---

Some useful packages and libraries:



In [None]:
import numpy as np
import pandas as pd
import matplotlib.pyplot as plt
from matplotlib import colors
from collections import deque
import heapq
import unittest
from scipy import stats
import copy as cp
from time import time
import math
import random



---

## Problem 1: Maximizing an Objective Function with a Genetic Algorithm 

Suppose we've lost the index card with our favorite cupcake recipe. We know the ingredients of the cake, but cannot remember the exact amount of each ingredient. We decide to use a genetic algorithm to generate the  ingredient amounts. With each iteration of the genetic algorithm, we bake the cupcakes and taste-test them. We achieve our goal and stop running the genetic algorithm when we get to the actual recipe: 

* 1 tsp salt 
* 3 tsp baking powder 
* 2 cups all-purpose flour 
* 1 cup butter 
* 1 cup granulated sugar 
* 4 large eggs
* 1 tsp vanilla extract
* 1 cup buttermilk 

In [None]:
target = [1, 3, 2, 1, 1, 4, 1, 1]

An example starting state for a member of our population might look like: $state = [1, 2, 100, 36, 60, 3, 5, 50]$

### (1a) 

Write an objective function `def recipe_success(state)` that takes a single argument state, and returns the objective function value (fitness) of the state. The objective function should be maximized when a state reaches the target. You could for example define the fitness score of a particular state based on how far away each entry is from the target recipe.

In [None]:
def recipe_success(state):
    #max possible value for each ingredient is 100 for normalization 
    #who the hell would have 100 of each ingredient though...
    #unless ur a baker or something? but then wouldnt you have the recipe for cupcakes memorized? Not the point stay focuesed.
    diff = sum(abs(s - t) / 100 for s, t in zip(state, target))
    fitness = 1 / (1 + diff)
    return fitness

In [None]:
#Usesd math library to set a relative tolerance of 1e-9 because the fitness score is a float.
#Could have written tons of test cases, but due to how controlled env was figured I only need to test the two real possibilites.
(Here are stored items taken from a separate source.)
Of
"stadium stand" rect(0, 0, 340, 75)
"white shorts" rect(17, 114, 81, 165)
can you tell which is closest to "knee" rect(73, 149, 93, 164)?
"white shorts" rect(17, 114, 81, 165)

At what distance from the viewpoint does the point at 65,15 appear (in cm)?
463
#Test case 1: State and target have the same length and same values
state = [1, 3, 2, 1, 1, 4, 1, 1]
expected_output = 1.0
assert math.isclose(recipe_success(state), expected_output, rel_tol=1e-9), f"Expected {expected_output}, but got {recipe_success(state)}"
print("Test case 1 passed")

#Test case 2: State and target have the same length and diff values
state = [1, 3, 2, 1, 1, 4, 2, 2]
diff_normalized = sum(abs(s - t) / 100 for s, t in zip(state, target))
expected_output = 1 / (1 + diff_normalized)
assert math.isclose(recipe_success(state), expected_output, rel_tol=1e-9), f"Expected {expected_output}, but got {recipe_success(state)}"
print("Test case 2 passed")

### (1b) 

Using our in class notebook "Lecture 16 - Genetic Algorithms.ipynb" as your guide, write a genetic algorithm that starts with a population of 100 randomly generated "recipes/states/members" and uses the objective function you wrote in **(1a)** to hopefully hit the target after a certain number of generations. 
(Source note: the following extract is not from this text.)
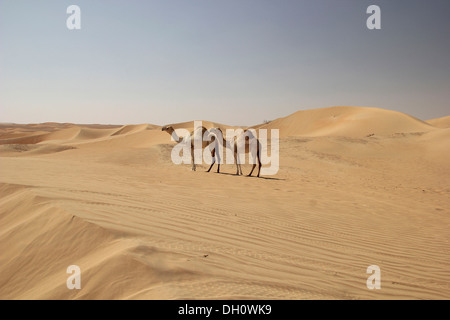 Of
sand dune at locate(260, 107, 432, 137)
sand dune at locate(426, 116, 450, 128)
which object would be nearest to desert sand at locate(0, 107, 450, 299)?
sand dune at locate(260, 107, 432, 137)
Key components of your code:
- Generate the initial population randomly from integers between 0 and 100 
- Allow for mutations in your population with an overall probability of mutation set to p = 0.2
- Choose 2 "parents" in the generation of each "child"
- Choose a random split point at which to combine the two "parents"
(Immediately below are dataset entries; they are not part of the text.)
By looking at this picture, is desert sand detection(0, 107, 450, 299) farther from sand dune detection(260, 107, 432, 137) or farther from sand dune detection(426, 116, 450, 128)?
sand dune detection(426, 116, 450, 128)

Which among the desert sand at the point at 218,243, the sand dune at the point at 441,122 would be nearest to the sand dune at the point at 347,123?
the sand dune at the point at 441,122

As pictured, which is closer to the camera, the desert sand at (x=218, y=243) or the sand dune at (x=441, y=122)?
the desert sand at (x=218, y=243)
Run the algorithm for 50 iterations ("generations"). Do you hit your target? --> <span style="color:red">NO</span>


In [None]:
initial_population = [[random.randint(0, 100) for _ in range(len(target))] for _ in range(200)] #change outer list to adjust population size
mutation_probability = 0.4 #probability of mutation
fitness_goal = 1.0  #exact match to target
n_iter = 500 #number of iterations

class problem:
    def __init__(self, initial_population, objective_function, mutation_probability, fitness_goal):
        self.population = initial_population
        self.objective_function = objective_function
        self.p_mutate = mutation_probability
        self.fitness_goal = fitness_goal
        self.n_pop = len(initial_population)
        self.n_dna = len(initial_population[0])

    def fitness(self):
        performance = [self.objective_function(member) for member in self.population]
        total = sum(performance)
        p_reproduce = [perf / total for perf in performance]
        return p_reproduce

    def reproduce(self, parent1, parent2):
        split = np.random.randint(low=1, high=self.n_dna)
        child = parent1[:split] + parent2[split:]
        return child

    def mutate(self, child):
        gene = np.random.randint(low=0, high=self.n_dna)
        mutation_type = np.random.choice(['increment', 'decrement', 'randomize'])
        if mutation_type == 'increment' and child[gene] < 100:
            child[gene] += 1
        elif mutation_type == 'decrement' and child[gene] > 0:
            child[gene] -= 1
        elif mutation_type == 'randomize':
            child[gene] = np.random.randint(0, 101)
        return child


def genetic_algorithm(problem, n_iter):
    for t in range(n_iter):
        new_generation = []
        
        for k in range(problem.n_pop):
            p_reproduce = problem.fitness()
            ind_parents = np.random.choice(range(problem.n_pop), size=2, p=p_reproduce, replace=False)
            parent1, parent2 = problem.population[ind_parents[0]], problem.population[ind_parents[1]]
            
            child = problem.reproduce(parent1, parent2)
            
            l_mutate = np.random.choice([True, False], p=[problem.p_mutate, 1-problem.p_mutate])
            if l_mutate:
                child = problem.mutate(child)
            
            new_generation.append(child)
        
        problem.population = new_generation
        
        performance = [problem.objective_function(member) for member in problem.population]
        best_performance = max(performance)
        best_member = problem.population[performance.index(best_performance)]
        
        if best_performance >= problem.fitness_goal:
            print(f"Goal achieved at generation {t+1}")
            return best_member, best_performance

    print('Reached maximum number of iterations')
    return best_member, best_performance



#problem instance and prints
cupcake_problem = problem(initial_population, recipe_success, mutation_probability, fitness_goal)
best_recipe, best_fitness = genetic_algorithm(cupcake_problem, n_iter)
print(f"Output State: {best_recipe}\nFitness: {best_fitness}")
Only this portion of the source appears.